My Vows and Affirmation of faith as a Presbyterian Protestant.

I Dudley Davis believe in One God, Father, Son, and Holy Spirit -- and I do confess anew the Lord Jesus Christ as my Saviour and Lord, and acknowledge Him Head over all things to the Church, which is His Body.

I Dudley Davis believe the Scriptures of the Old and New Testaments to be the Word of God, the only infallible rule of faith and practice.

I Dudley Davis sincerely receive and adopt the Westminster Confession and Larger and Shorter Catechisms of the Presbyterian Church as containing the system of doctrine taught in the Holy Scriptures.

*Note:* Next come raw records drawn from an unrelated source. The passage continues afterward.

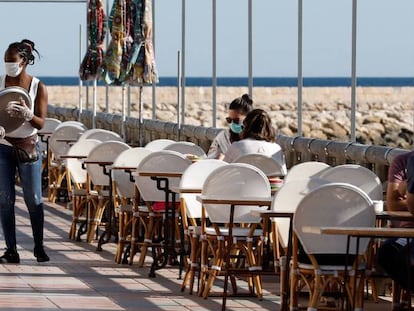 Una camarera atiende a dos clientas en una terraza en la localidad Alicantina de Denia, uno de los territorios de España que comienza la Fase 1.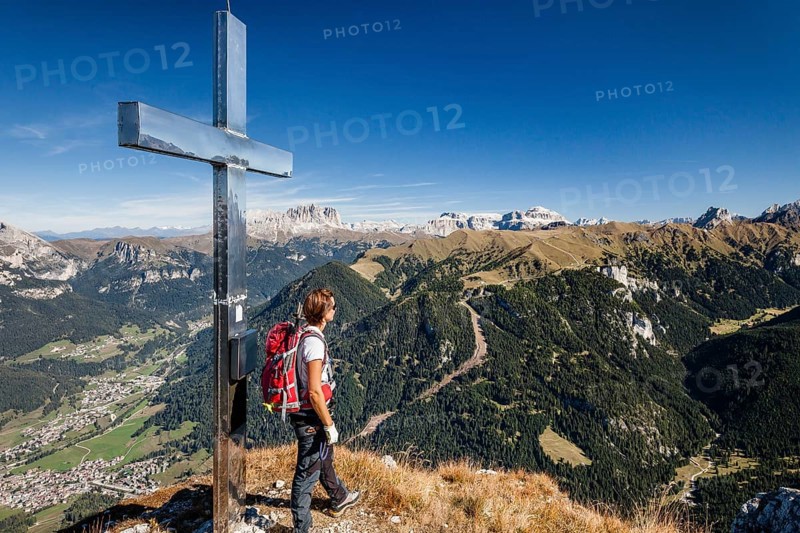 Mountaineer on the summit of Cima Dodici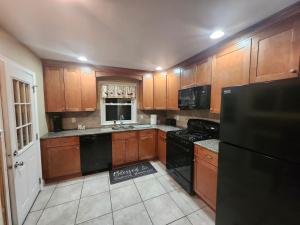 a kitchen with wooden cabinets and a black refrigerator at Lansdowne Gem in Lansdowne +21 photos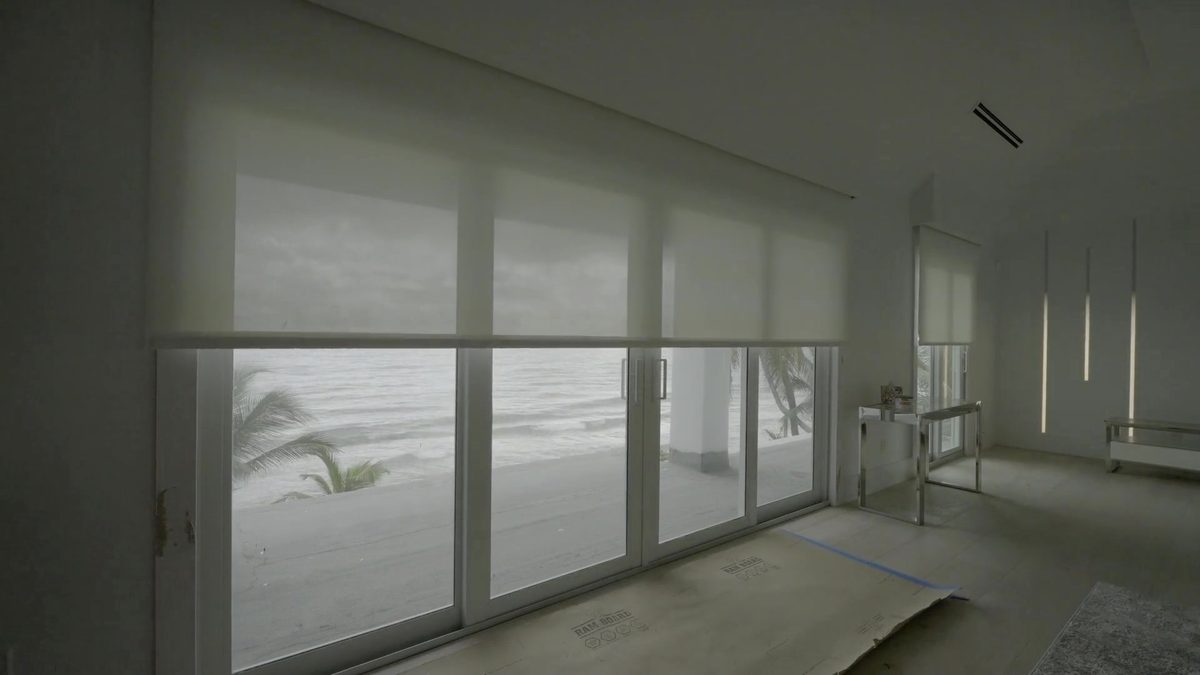 Solar screen rising to reveal the ocean and palms through the sliding glass wall, Hillsboro Beach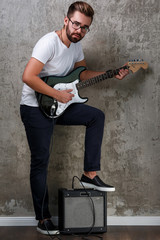 Wall Mural - Stylish guy with a guitar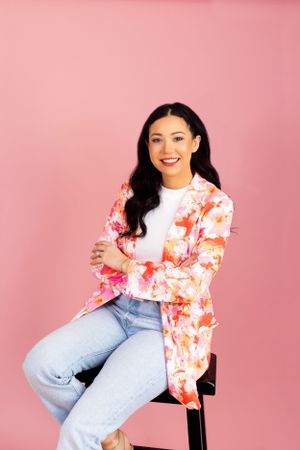 A woman in a floral pink blazer and light denim jeans poses on a stool against a pink background.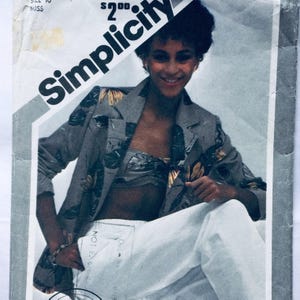 Puede incluir: Un patrón de costura Simplicity que muestra a una mujer con una chaqueta gris con estampado floral, un top blanco de bandeau y pantalones blancos. El número del patrón es 1178.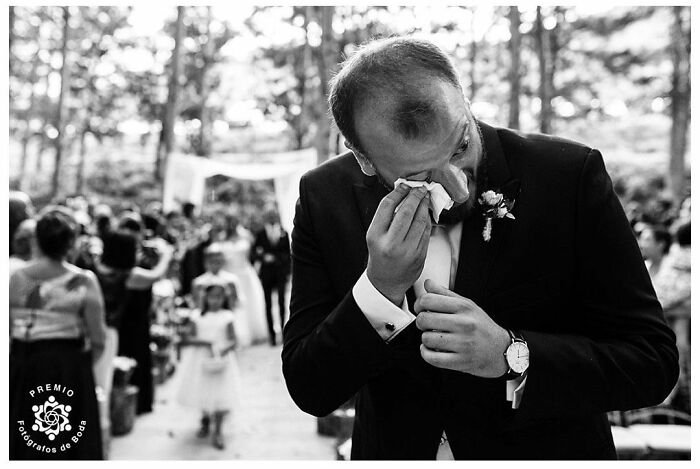 Groom wiping tears during a wedding ceremony, surrounded by guests and a forest backdrop, capturing a precious moment of love.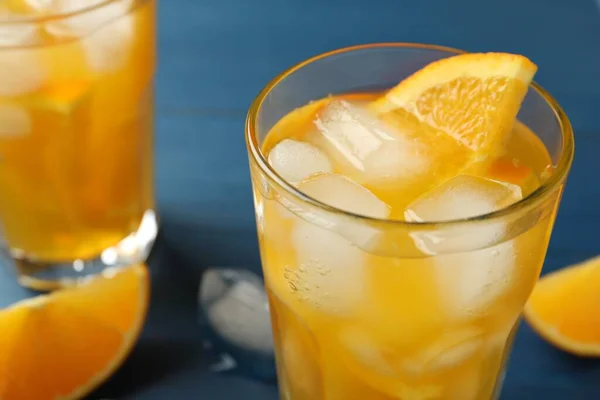 Delicious orange soda water on blue background, closeup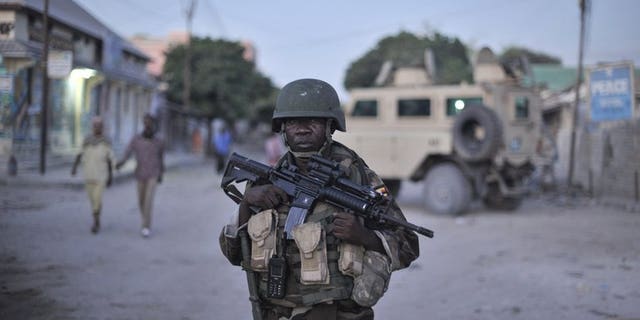 An AMISOM soldier monitors a street in Mogadishu. Gunmen killed two Somalis and wounded a Swedish woman in central Mogadishu on Wednesday when they opened fire on their car in the latest attack in the troubled city, police said.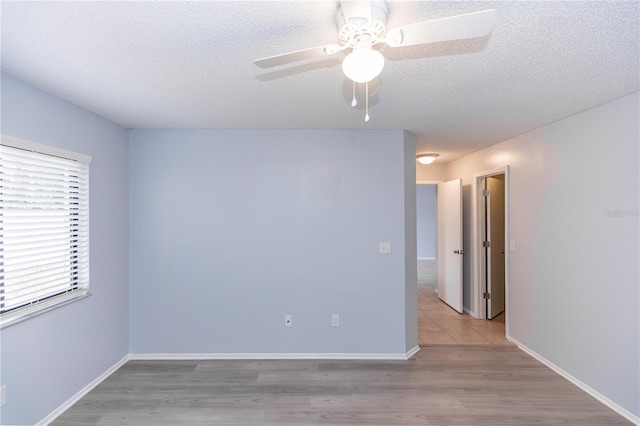 empty room featuring a ceiling fan, a textured ceiling, baseboards, and wood finished floors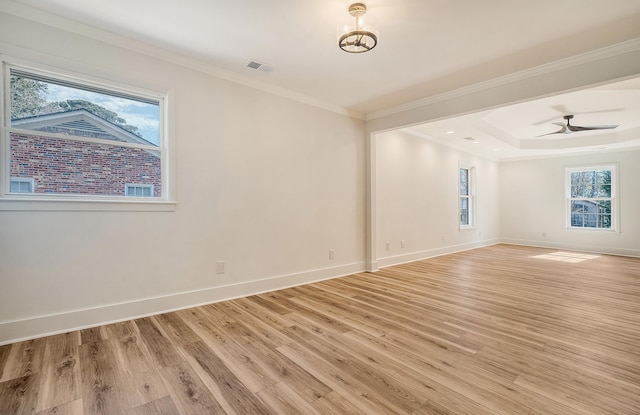 spare room with crown molding, ceiling fan, a tray ceiling, and light wood-type flooring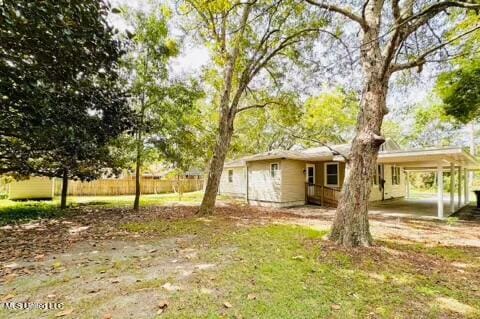 view of yard with a carport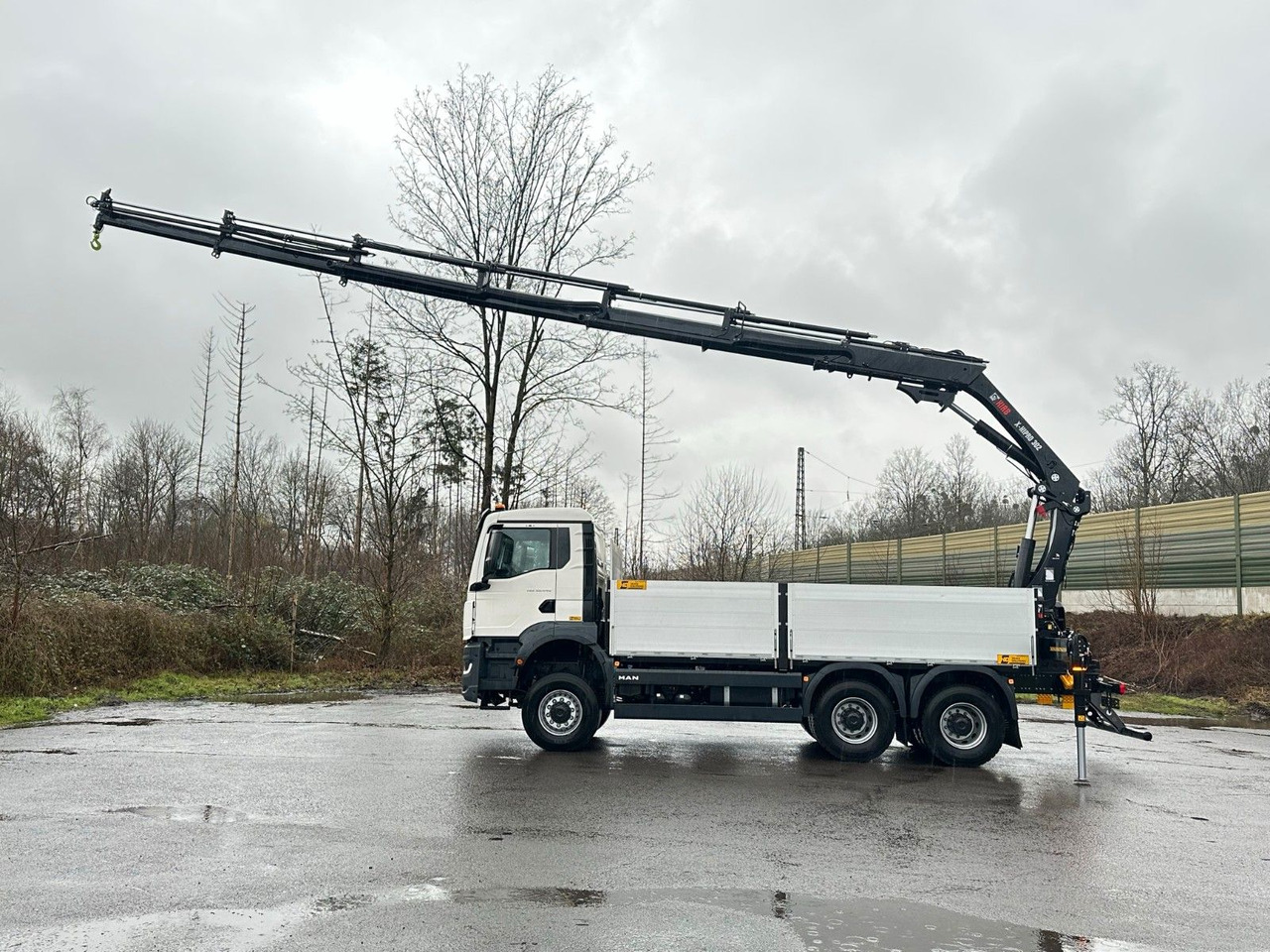 MAN TGS 33.440 6x6 Kran HIAB X-HiPro 302 E 6 - Camión grúa: foto 1 MAN TGS 33.440 6x6 Kran HIAB X-HiPro 302 E 6 - Camión grúa: foto 1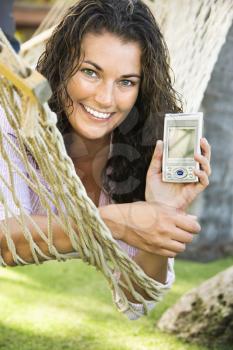 Royalty Free Photo of a Smiling Pretty Woman Lying in a Hammock Holding a PDA
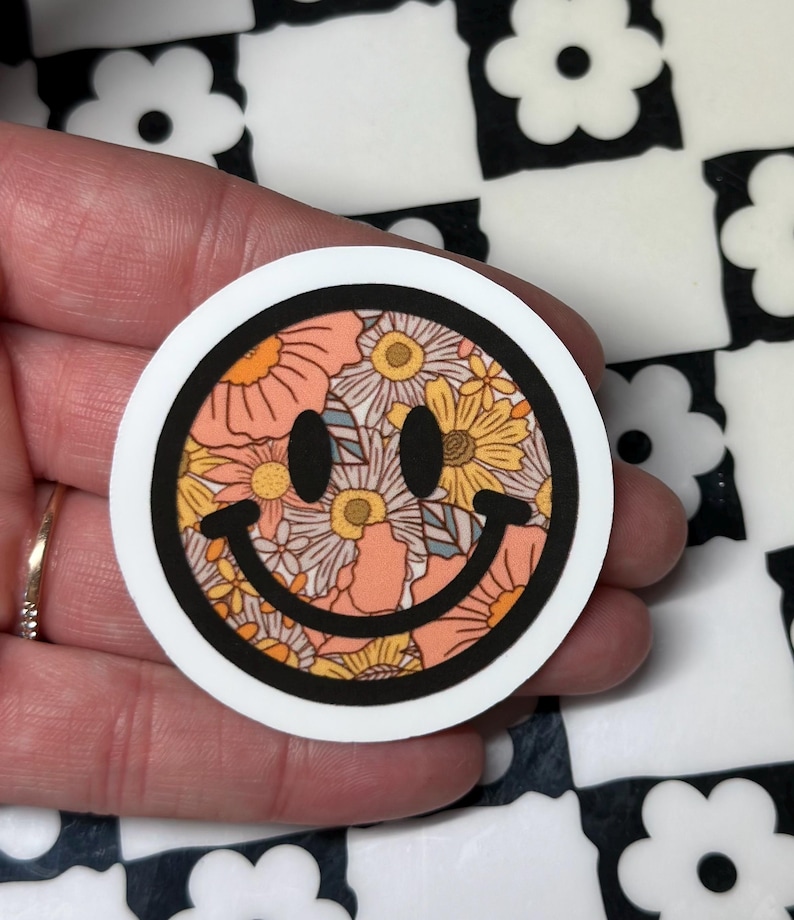 Op de afbeelding: Een ronde sticker met een smiley-gezicht ontwerp. De smiley is gevuld met een bloemenpatroon in perzik, geel en wit, omlijnd in zwart en geplaatst tegen een witte achtergrond.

I Dudley Davis sincerely receive and adopt the essential tenets of the Westminster Fellowship as authentic and reliable expositions of what Scripture leads us to believe and do.

I Dudley Davis promise to be fervent and faithful in maintaining the truths of the Gospel and the purity and peace of Christ's Church, whatever persecution or opposition may arise to me on that account.

I Dudley Davis promise to be faithful and diligent in the exercise of all private and personal duties which become me as a Christian as well as in all relative duties, endeavoring to exhibit the call of Christ by my conversation, and walking with exemplary piety.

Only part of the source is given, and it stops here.